- Some people argue that systematic theology is often idolatrous, in that it acts as though it’s possible for human beings to comprehensively understand and explain God, even though in reality we can’t ever fully comprehend the divine nature.
- Some people worry that because systematic theology is usually written by white, Western, middle class, straight men, it ignores the concerns of marginalised people, but because it claims to be systematic, it won’t acknowledge that it’s limited in this way, and so just pretends that those people don’t exist.
- Some feminists have argued that any systematic thinking is – wait for it – phallocentric (hur hur, phallus), by which they mean that it’s a male way of thinking that’s all about control and mastery.
Contemplation allows us to do systematic theology properly. It brings in apophatic awareness, which isn’t just about acknowledging the limitations of our understanding, but about encountering God, and knowing him in the middle of the realisation that we don’t know him at all.

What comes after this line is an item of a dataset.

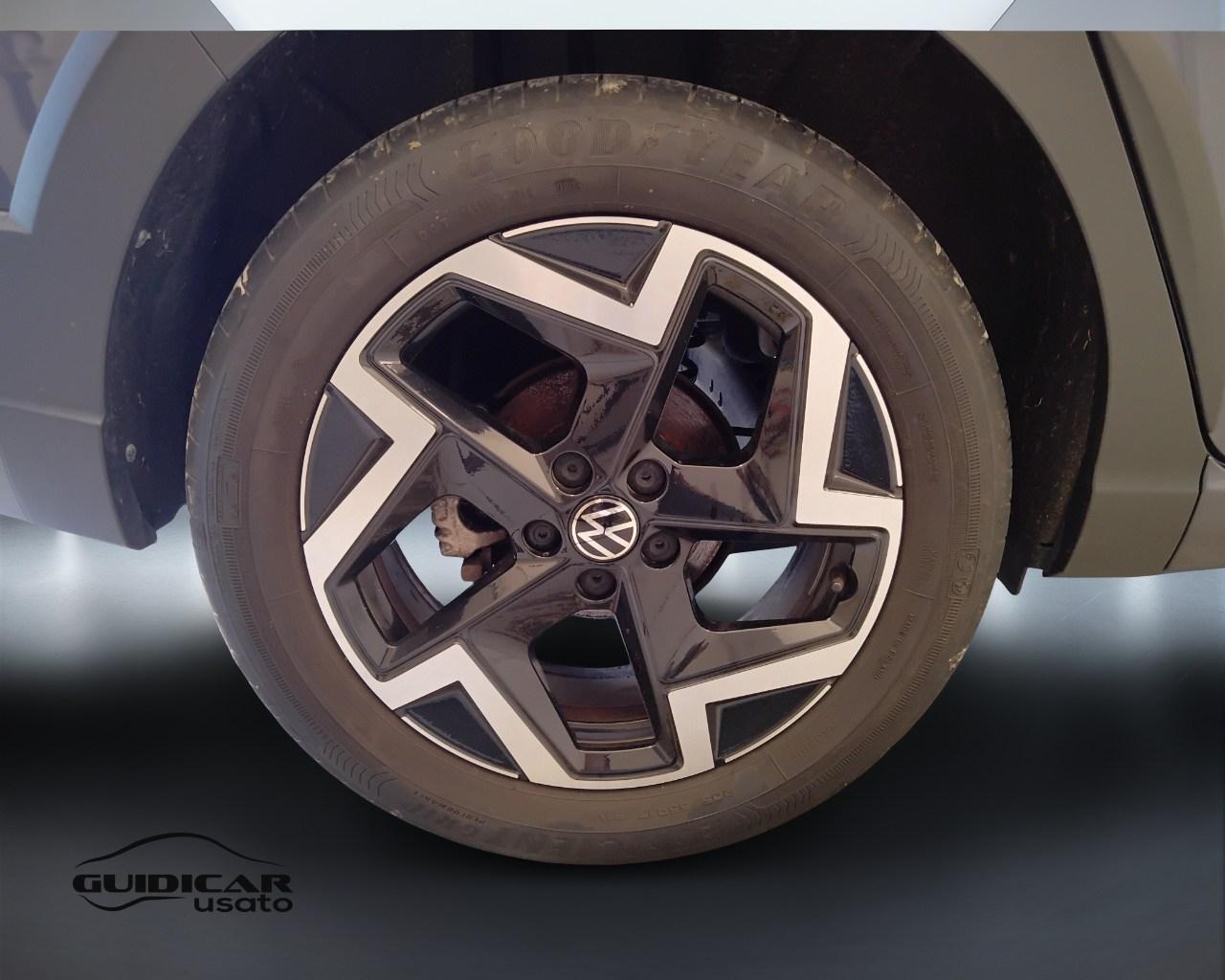 VOLKSWAGEN Taigo - Taigo 1.0 tsi R-Line 115cv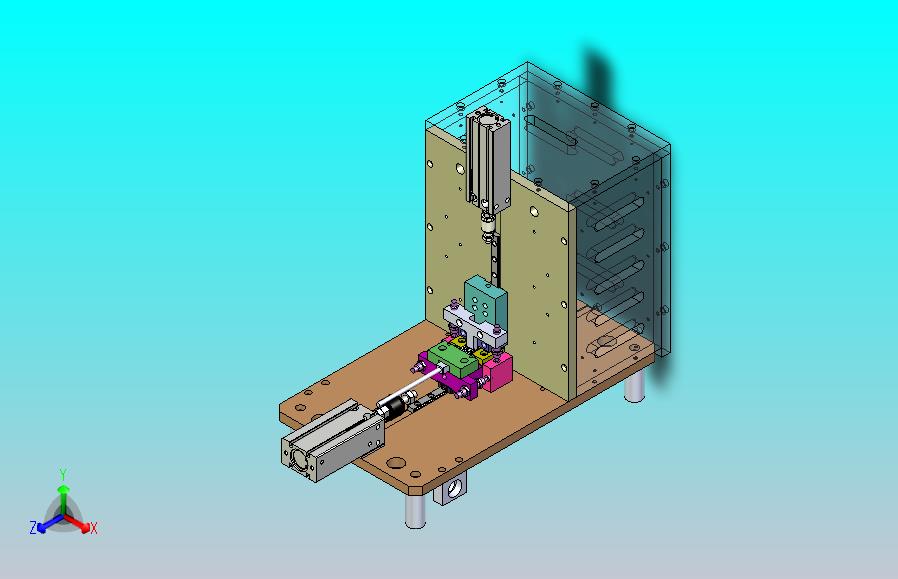 USB测试治具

It teaches us to pay attention to those who are marginalised and excluded, and because systematic theology is really all about exploring all the different ways that theological truths can be expressed, and trying to answer all the questions we encounter, doing it well should mean that we constantly challenge and change our assumptions, and constantly discover theological truths in unexpected places. She points out that it’s difficult to substantiate any claims about intrinsically ‘male’ and ‘female’ ways of thinking, but argues that systematic theology rooted in contemplation should be open to different ways of expressing theology, whether it’s in contemplation, intellectual discussion, or the arts.
Coakley argues that all three objections to systematic theology are about mastery: they all worry that doing systematic theology is about desiring mastery, either as complete understanding of God, social power, or as the domination of women by men. She says that these concerns about mastery are about the relationship of knowledge, power, and gender, but also, most importantly, about desire.
Coakley says that these questions can’t be answered without thinking about gender, because gender is about what it means to relate to God and to one another as individual, embodied people. She also says that this question about gender, about human twoness, relates to questions about God, about the divine three-in-oneness.
Coakley argues that prayer is where we most powerfully encounter God in his trinitarian nature, because in prayer, the Holy Spirit prays in me, responding to the call of God the Father and drawing me into the life of Christ. She argues that in Christ, we encounter the One who interrupted the brokenness of fallen gender, fallen twoness, by bridging the twoness of God and the world. Just as the world is transfigured by the activity of God in incarnation and redemption, so the twoness of gender is caught up and transformed in the threeness of God.